I find it super fluid to work on the HPC directly to develop methods for huge datasets by using vim to code and tmux for sessions. I focus on printing detailed log files constantly with lots of debugs and an automated monitoring script to print those logs in realtime; a mixture of .out .err and log.txt.
Interesting, I've been dealing with replacing a few on-prem HPC clusters lately. One of the things we've been looking at is OpenOnDemand. How does this compare to that? Is this primarily targeted at cluster development or can I really just make an arbitrarily large production HPC cluster with it?
ondemand is "just" a web frontend for using a traditional HPC cluster, which of course means its architecture is deeply cursed: https://osc.github.io/ood-documentation/latest/architecture....
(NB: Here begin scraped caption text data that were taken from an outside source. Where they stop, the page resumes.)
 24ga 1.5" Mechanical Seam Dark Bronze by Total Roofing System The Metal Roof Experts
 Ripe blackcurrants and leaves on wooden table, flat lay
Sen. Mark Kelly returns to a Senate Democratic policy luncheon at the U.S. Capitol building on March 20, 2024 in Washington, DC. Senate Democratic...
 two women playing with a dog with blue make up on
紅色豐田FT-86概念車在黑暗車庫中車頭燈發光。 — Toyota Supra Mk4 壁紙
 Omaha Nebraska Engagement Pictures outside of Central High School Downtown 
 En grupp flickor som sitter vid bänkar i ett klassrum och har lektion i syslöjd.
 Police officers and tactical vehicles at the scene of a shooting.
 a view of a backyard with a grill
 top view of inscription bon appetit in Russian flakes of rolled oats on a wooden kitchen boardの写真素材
Yeah, OOD is a giant RoR webapp; you need to be running it on a node that can submit to your cluster.
RoR = Ruby on Rails
Don’t you still need the HPC cluster with OpenOnDemand? I thought it was a web interface to use HPC resources.
But this still runs on a single computer, so you wouldn’t use this to deploy a production cluster. This would be for testing in a virtual multi-node-ish setup.
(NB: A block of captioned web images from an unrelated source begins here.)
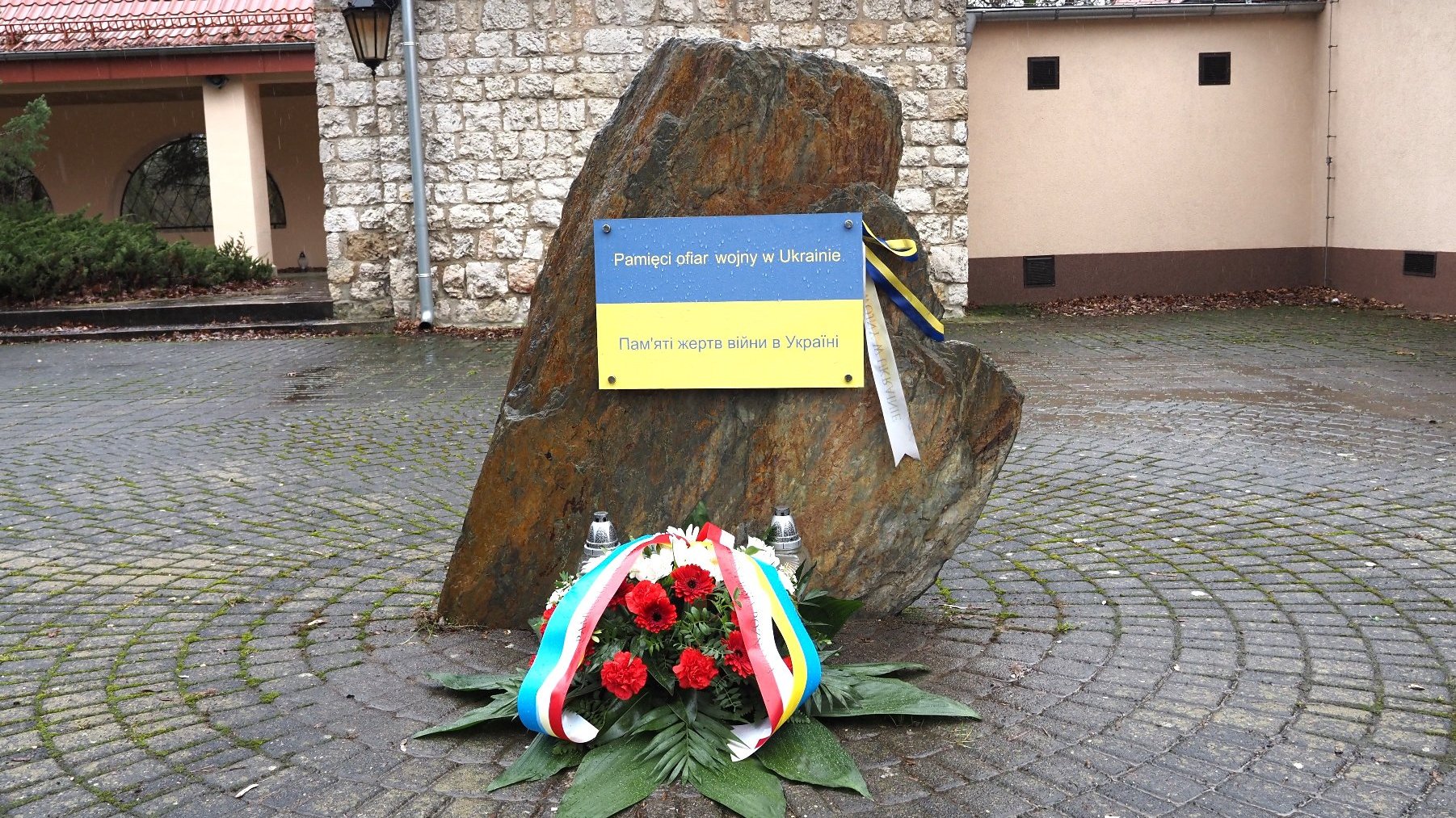 Zdjęcie przedstawia kwiaty pod pomnikiem.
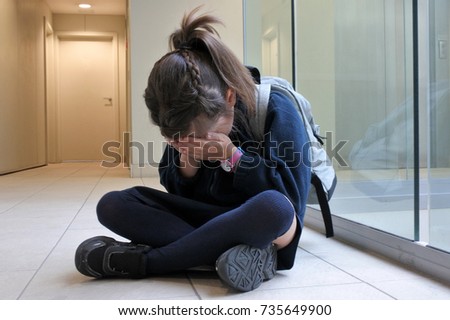 One young elementary school girl wearing school uniform and backpack sitting on a corridor floor crying. Childhood and education concept. Real people. Copy space Royalty-Free Stock Photo #735649900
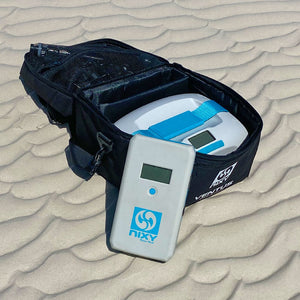 sup pump and battery pack on the sand of a beach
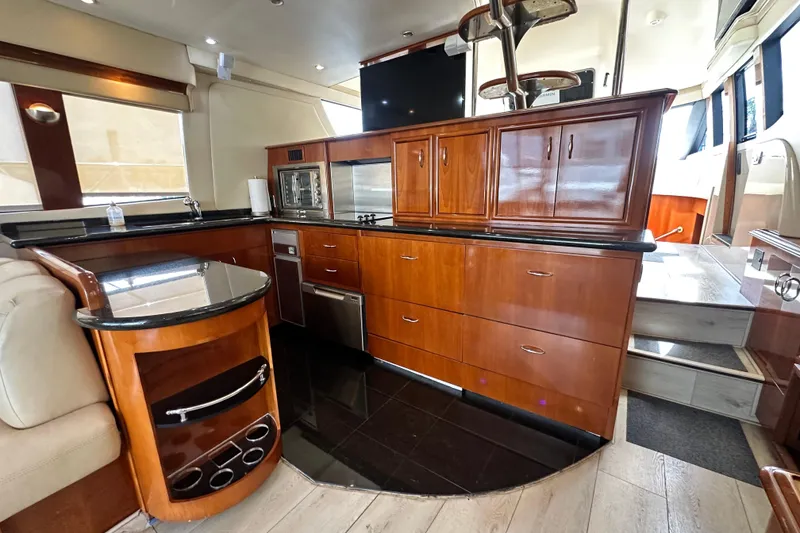 Slide: The Image of Luxurious 2006 Carver 56 Voyager yacht interior with elegant wood cabinetry and modern kitchen amenities. - 8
I wish I had this for my master's thesis! it was a puny 64 core node, but nevertheless...
I wish there was a sane modern alternative to SLURM.
Futile hope though. My company is still using SGE.
You can pay for LSF; which is older than SLURM, but IMHO more reliable under load....
Slurm is the modern alternative. We are using SGE too and slurm feels like the future.
Yeah unfortunately it still sucks. Actually to be fair it's probably fine for its intended use case: researchers interactively running one-off batch jobs on a university HPC cluster.
But I work in silicon and every company I've worked in uses SGE/SLURM for automated testing. SLURM absolutely sucks for that. They really want you to submit jobs as bash scripts, they can't handle a large number of jobs without using janky array jobs, submitting a job and waiting for it to finish is kind of janky. Getting the output anywhere except a file is difficult. Nesting jobs is super awkward and buggy. All the command line tools feel like they're from the 80s - by default the column widths are like 5 characters (not an exaggeration).
We even had an issue that SLURM uses 4 ports per job for the duration of the job, so you can't actually run more than a few thousand jobs simultaneously because the controller runs out of TCP ports!
I don't think it would actually be that hard to write a modern replacement. The difficult bit is dealing with cgroups. I won't hold my breath for anyone in the silicon industry to write it though. Hardware engineers can't write software for shit.
> We even had an issue that SLURM uses 4 ports per job for the duration of the job, so you can't actually run more than a few thousand jobs simultaneously because the controller runs out of TCP ports!
That sounds concerning. Do you have a link to a bug report for this please? Is the tcp port problem on the compute node side or the controller side?